In early September, after all the
soul-crushing will-to-live-obliterating helpful rounds of feedback, the final draft was finished. And I intended for this one to be final. It’s not just that I was tired of working on it, but I really thought that this one was there. All the previous rounds of edits had been helpful, but now I was certain that I had reached the point of diminishing returns: I had done everything I could do to make this story shine, I had maxed out my skills as a writer, and any further edits would not add value.
I sent the manuscript to Ted, and told him that this was it for me. This was my final offer. If he still did not think it was there, then he certainly did not have to represent it, but I could not do another round of revisions.
We scheduled a phone meeting for three weeks later, when the film crews would be here. What was at stake was not just whether I’d still have a literary agent, but whether the book had reached that level of quality that we’d been trying to get to for years. Had we managed to take a book that started out okay, and make it great?
On the last day of the shoot, at the end of the afternoon, after a grueling 17 hours of filming the day before, he gave me his answer. And, to my profound embarrassment, I started crying. I mean, really lost it. (And if anyone suspects that I forced the tears to make the show more interesting, just watch it. I assure you that no self-respecting woman would intentionally break down into blubbering ogre-sobs like that with a camera pointed at her face.)
So. Like I said. I’m nervous about this episode.
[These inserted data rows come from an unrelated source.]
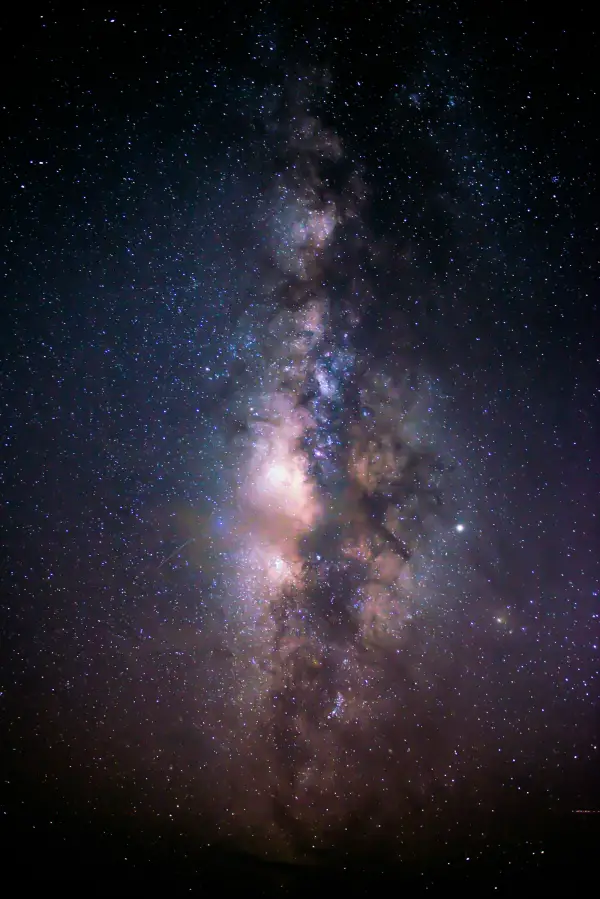 Bright Milky Way galaxy core over a dark horizon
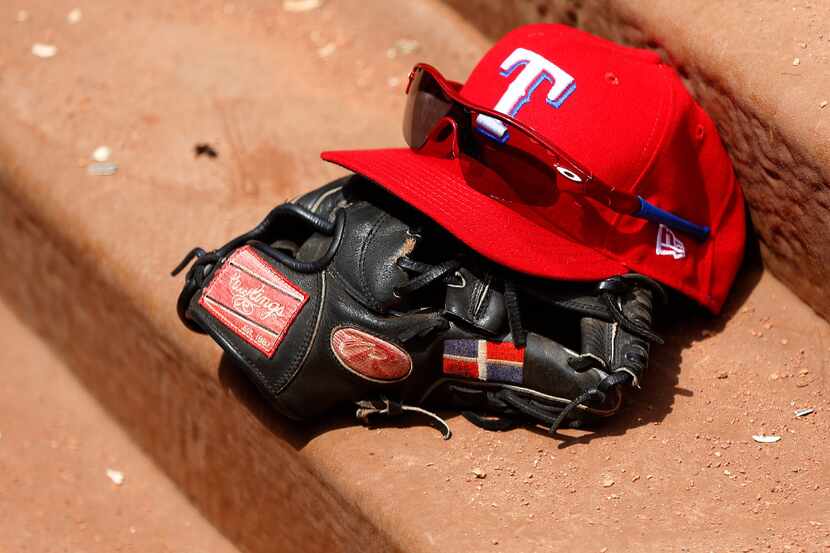 Texas Rangers hat, glove and sunglasses sit on the dugout steps in the third inning at Globe...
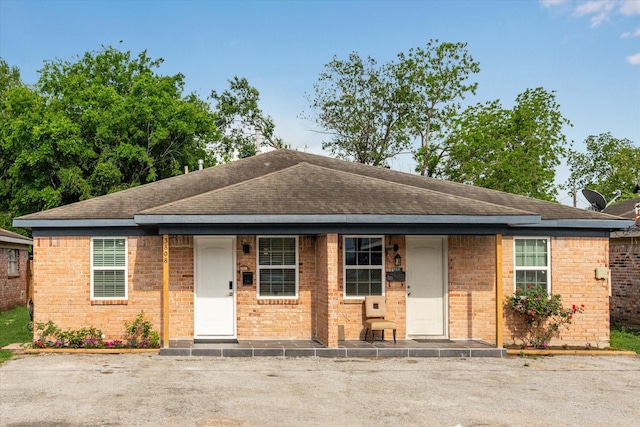 view of front of home featuring brick siding, roof with shingles, and a porch
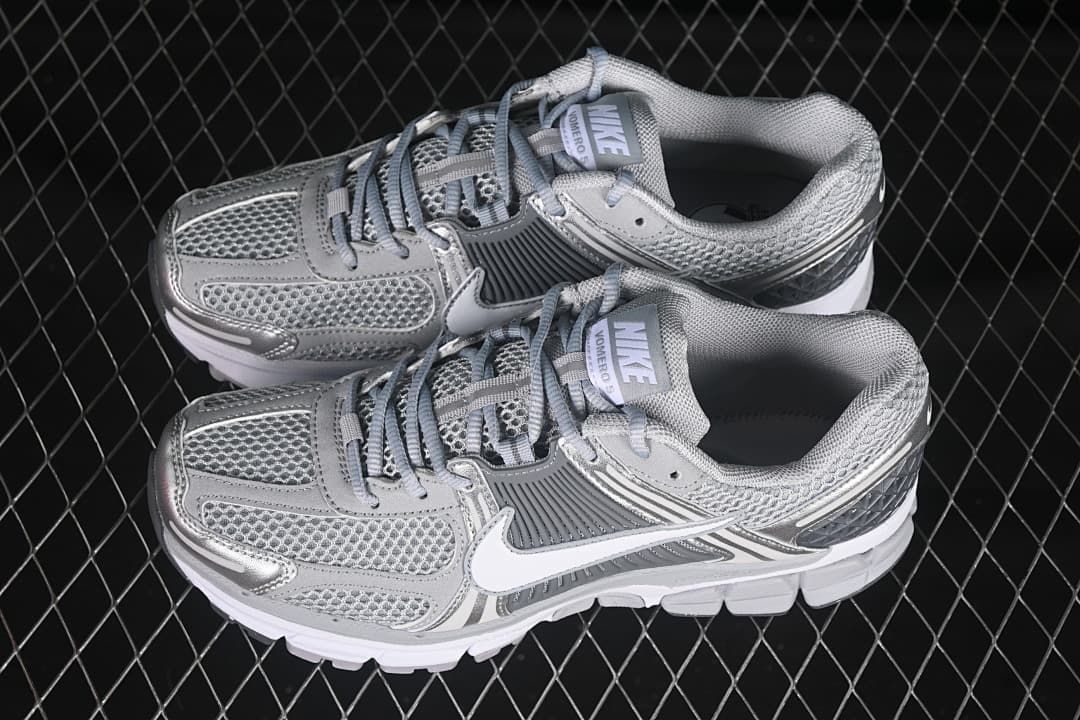 Pair of silver and grey Nike Zoom Vomero 5 SP sneakers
But my nervousness is somewhat counterbalanced by the awesomeness of this:
(If you don’t get it, see the scene starting at 2 min. 30 sec. in this episode.)
I am going to give away one of these mugs to a randomly-selected person who tweets with the #MinorRevisions hashtag while the show airs!
I know. You’re so excited that you’re starting to hyperventilate. So you might want to take a moment to collect yourself before I tell you: This mug contains original artwork by the artist Joe Fulwiler. He mainly works in Excel, so this is an exciting opportunity to own one of his pieces that was created in PowerPoint.
Because I care about you, I will not withhold from you the correspondence he had with Brandon Vogt after we sent him one of these mugs. Brandon is a man who appreciates artistic genius when he sees it:
FROM: Brandon Vogt
TO: Joe Fulwiler
If you’re willing to drop the whole law gig, the Powerpoint art market is wayyyyy more promising. Honestly, how many others do you know in the field? Plus the talent is clearly there. Your pony mug screams “Van Goh.” And its elegant medieval seriph left me saying, “Thomas Aquinas, who?”
So when “Fulwiler Mugs & More” goes live, rest assured: I’ll be ordering the first case.
FROM: Joe Fulwiler
TO: Brandon Vogt
You are not the first to approach me in this manner. However, my art is too pure. I can not sell out. So, I will have to while away the rest of my life in the coal mines of the law, knowing all along that the world will never know my PowerPoint genius. It is painful, but such is art.
FROM: Brandon Vogt
TO: Joe Fulwiler
Sigh. The world is not worthy of such purity, untarnished by the allure of Powerpoint fame. You could have cemented your name among the greats: Van Goh with his brush, Michelangelo with his chisel, Shakespeare with his pen, and Fulwiler with his soul-stirring clipart. Yet you’ve forsaken all riches and fame for the sake of the craft.
Dragons aren’t the only things which Fulwiler love has fell.
Vain artistry has died this day, too.
So there you have it: drama, embarrassment, and a giveaway of a limited edition piece of art by a true artist. I’ll see you Thursday!